In [39]:
import json
from tqdm import tqdm
import torch.nn as nn
from torch.optim import Adam
import nltk
import spacy
import string
import evaluate  # Bleu
from torch.utils.data import Dataset, DataLoader, RandomSampler
import pandas as pd
import numpy as np
import transformers
from sklearn.model_selection import train_test_split
import matplotlib.pyplot as plt
from transformers import T5Tokenizer, T5Model, T5ForConditionalGeneration, T5TokenizerFast

import warnings
warnings.filterwarnings("ignore")

In [40]:

TOKENIZER = T5TokenizerFast.from_pretrained("t5-base")
MODEL = T5ForConditionalGeneration.from_pretrained("t5-base", return_dict=True)
OPTIMIZER = Adam(MODEL.parameters(), lr=0.00001)
Q_LEN = 256   # Question Length
T_LEN = 32    # Target Length
BATCH_SIZE = 4
DEVICE = "cuda:0"

In [26]:
from datasets import load_dataset
data=load_dataset('GEM/squad_v2')

In [7]:
data

DatasetDict({
    train: Dataset({
        features: ['gem_id', 'id', 'title', 'context', 'question', 'target', 'references', 'answers'],
        num_rows: 116397
    })
    validation: Dataset({
        features: ['gem_id', 'id', 'title', 'context', 'question', 'target', 'references', 'answers'],
        num_rows: 11873
    })
    test: Dataset({
        features: ['gem_id', 'id', 'title', 'context', 'question', 'target', 'references', 'answers'],
        num_rows: 13922
    })
})

In [5]:
# Extracting context, question, and answers from the dataset

def prepare_data(data):
    articles = []

    for article in data["data"]:
        for paragraph in article["paragraphs"]:
            for qa in paragraph["qas"]:
                question = qa["question"]
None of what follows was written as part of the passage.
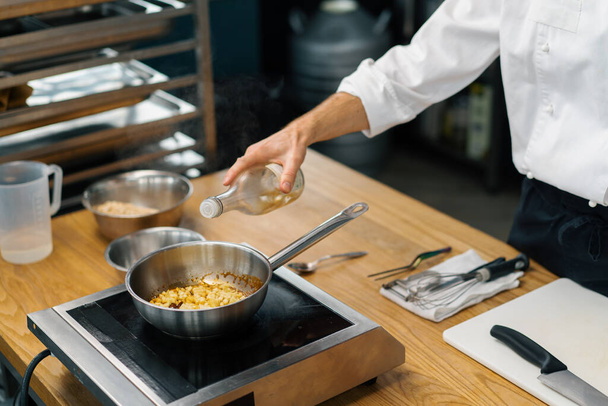 professzionális konyhafőnök karamellizáló gyümölcs zabpehely serpenyőben elkészítése reggeli egészséges étel koncepció - Fotó, kép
                if not qa["is_impossible"]:
                  answer = qa["answers"][0]["text"]

                inputs = {"context": paragraph["context"], "question": question, "answer": answer}


                articles.append(inputs)

    return articles

In [11]:
data['train']['answers'][0]

{'text': ['the Republic of Guinea-Bissau'], 'answer_start': [59]}

In [12]:
data['train']

Dataset({
    features: ['gem_id', 'id', 'title', 'context', 'question', 'target', 'references', 'answers'],
    num_rows: 116397
})

In [33]:
def prepare_data1(data):
    articles = []
    data=data[:20000]
    for x in range(len(data)):


      articles.append({
          'context':data['context'][x],
          'question':data['question'][x],
          'answer':data['answers'][x]['text'][0]
      })

    return articles

In [34]:
data1 = prepare_data1(data['train'])

# Create a Dataframe
data1 = pd.DataFrame(data1)

In [41]:
data1.head()

Unnamed: 0,context,question,answer
0,"Guinea-Bissau (i/ˈɡɪni bɪˈsaʊ/, GI-nee-bi-SOW)...",What is the official name for Guinea-Bissau?,the Republic of Guinea-Bissau
1,"Guinea-Bissau (i/ˈɡɪni bɪˈsaʊ/, GI-nee-bi-SOW)...",Where is Guinea-Bissau located?,West Africa
2,"Guinea-Bissau (i/ˈɡɪni bɪˈsaʊ/, GI-nee-bi-SOW)...",How many square miles is Guinea-Bissau?,"13,948 sq mi"
3,"Guinea-Bissau (i/ˈɡɪni bɪˈsaʊ/, GI-nee-bi-SOW)...",What is the estimated population of Guinea-Bis...,1704000
4,"Guinea-Bissau (i/ˈɡɪni bɪˈsaʊ/, GI-nee-bi-SOW)...",How many kilometers does Guinea-Bissau cover?,36125


In [42]:
data=data1

In [43]:
import torch
class QA_Dataset(Dataset):
    def __init__(self, tokenizer, dataframe, q_len, t_len):
        self.tokenizer = tokenizer
        self.q_len = q_len
        self.t_len = t_len
        self.data = dataframe
        self.questions = self.data["question"]
        self.context = self.data["context"]
        self.answer = self.data['answer']

    def __len__(self):
        return len(self.questions)

    def __getitem__(self, idx):
        question = self.questions[idx]
        context = self.context[idx]
        answer = self.answer[idx]

        question_tokenized = self.tokenizer(question, context, max_length=self.q_len, padding="max_length",
                                                    truncation=True, pad_to_max_length=True, add_special_tokens=True)
        answer_tokenized = self.tokenizer(answer, max_length=self.t_len, padding="max_length",
                                          truncation=True, pad_to_max_length=True, add_special_tokens=True)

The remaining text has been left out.